§ What the task requires
The answer must consist solely of the lines below starting at the one containing "Turkey Baster, 18/8" and ending at the one containing "Leather Ball Divider Cock Ring by BDStyle", repeated exactly, with both ends included and all pictures omitted.

§ Stored data
== Segment start ==
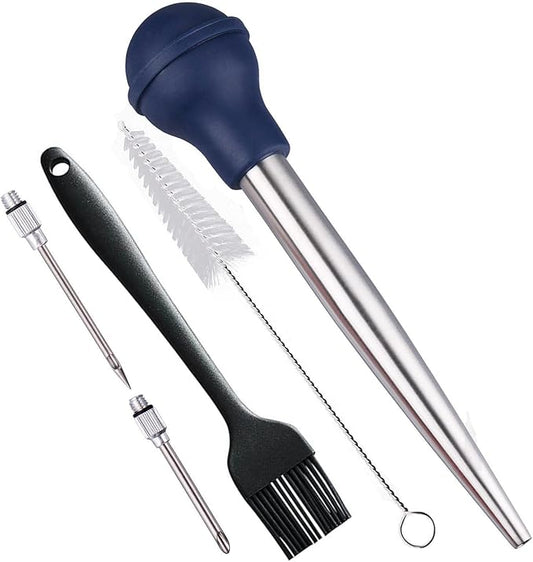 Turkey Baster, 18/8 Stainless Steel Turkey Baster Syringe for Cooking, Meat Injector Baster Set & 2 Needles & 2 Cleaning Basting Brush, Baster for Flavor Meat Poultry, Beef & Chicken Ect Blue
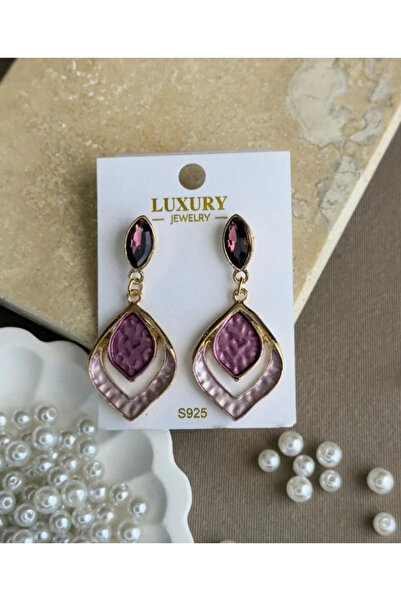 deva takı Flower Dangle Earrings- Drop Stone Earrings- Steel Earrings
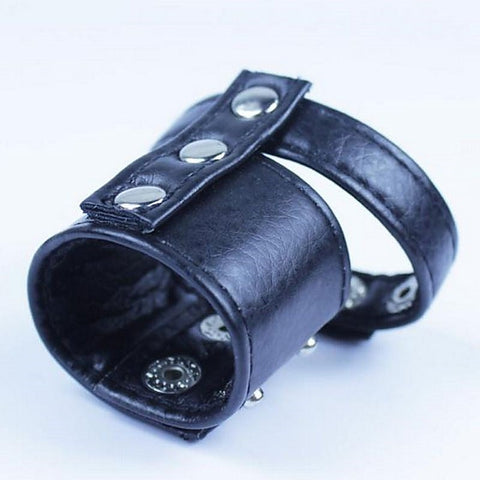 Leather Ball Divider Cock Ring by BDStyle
== Segment end ==
== Segment start ==
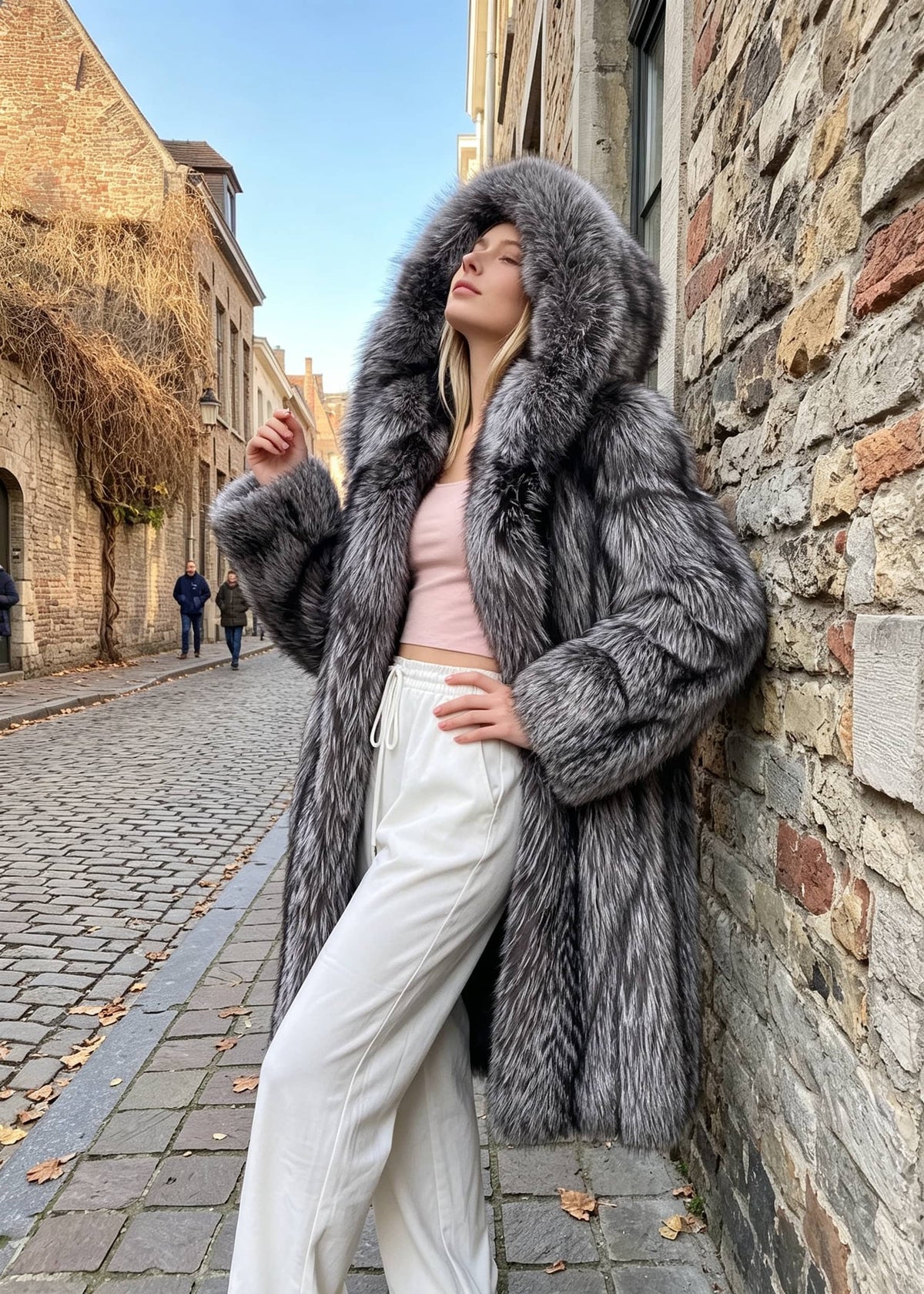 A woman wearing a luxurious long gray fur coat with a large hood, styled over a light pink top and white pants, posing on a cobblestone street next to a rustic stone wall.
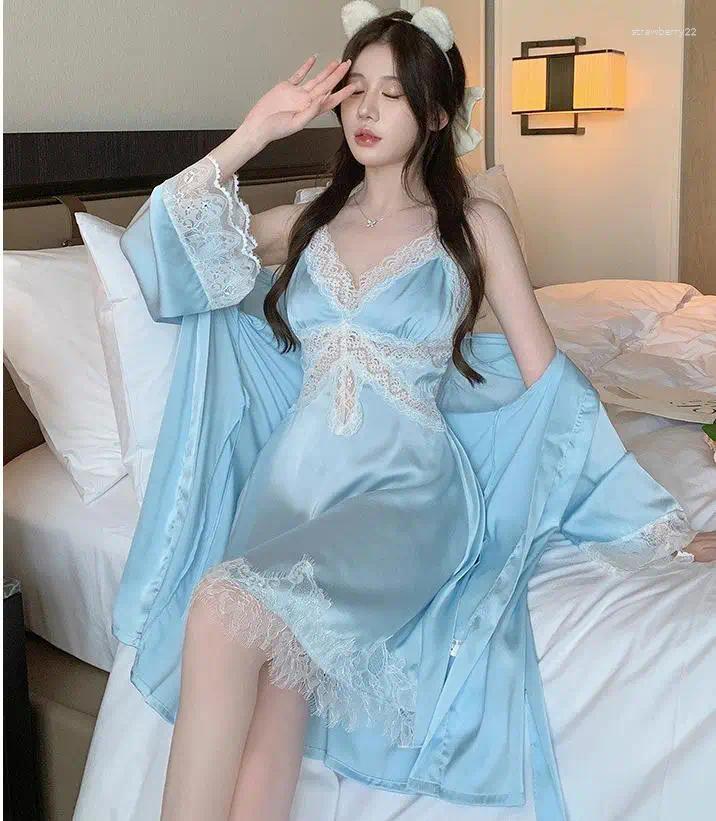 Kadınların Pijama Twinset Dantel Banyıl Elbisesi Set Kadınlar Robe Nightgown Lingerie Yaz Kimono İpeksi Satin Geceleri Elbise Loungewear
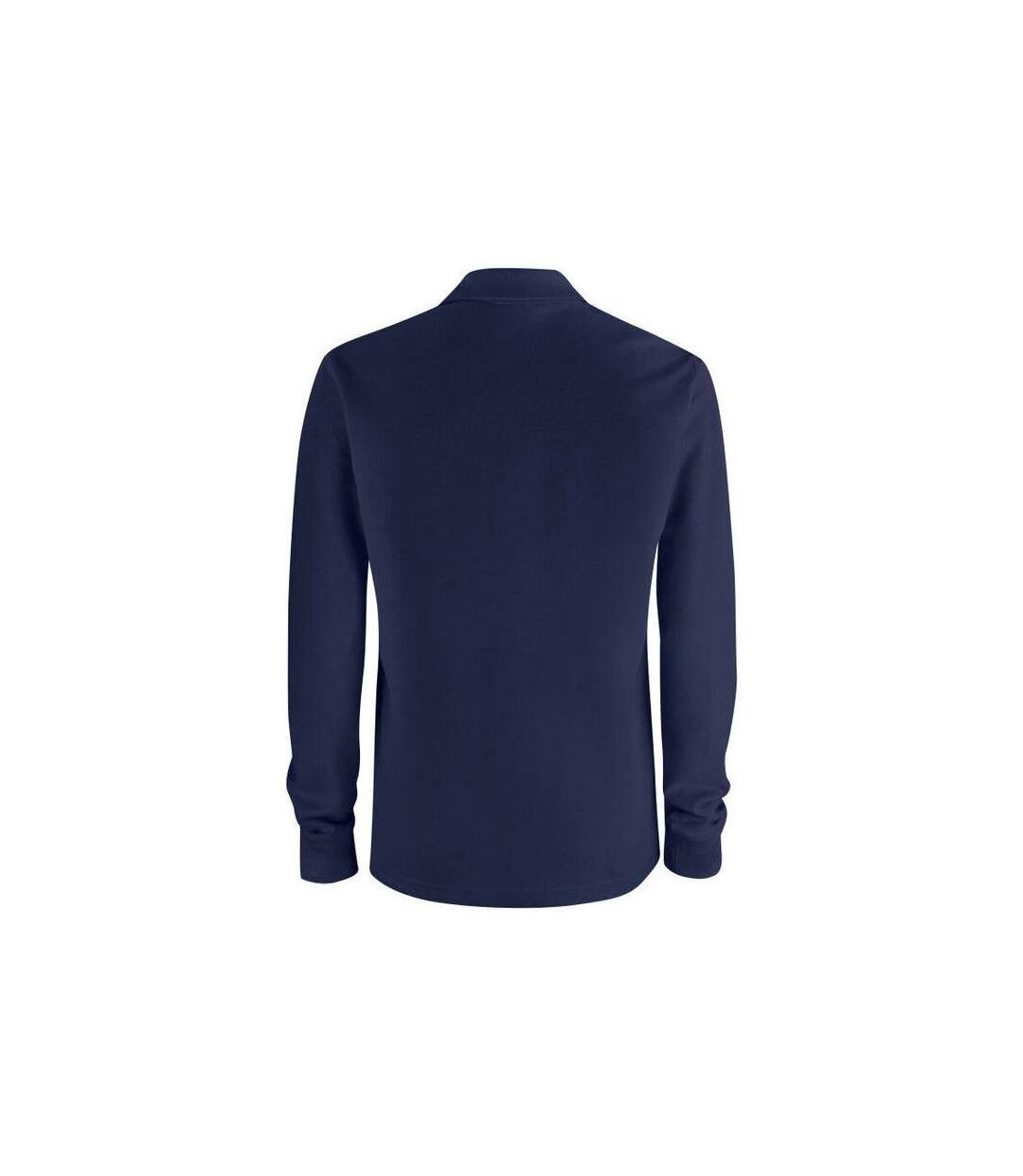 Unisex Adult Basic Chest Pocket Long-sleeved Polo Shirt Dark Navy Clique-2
== Segment end ==
§ Exercise answer
 Turkey Baster, 18/8 Stainless Steel Turkey Baster Syringe for Cooking, Meat Injector Baster Set & 2 Needles & 2 Cleaning Basting Brush, Baster for Flavor Meat Poultry, Beef & Chicken Ect Blue
 deva takı Flower Dangle Earrings- Drop Stone Earrings- Steel Earrings
 Leather Ball Divider Cock Ring by BDStyle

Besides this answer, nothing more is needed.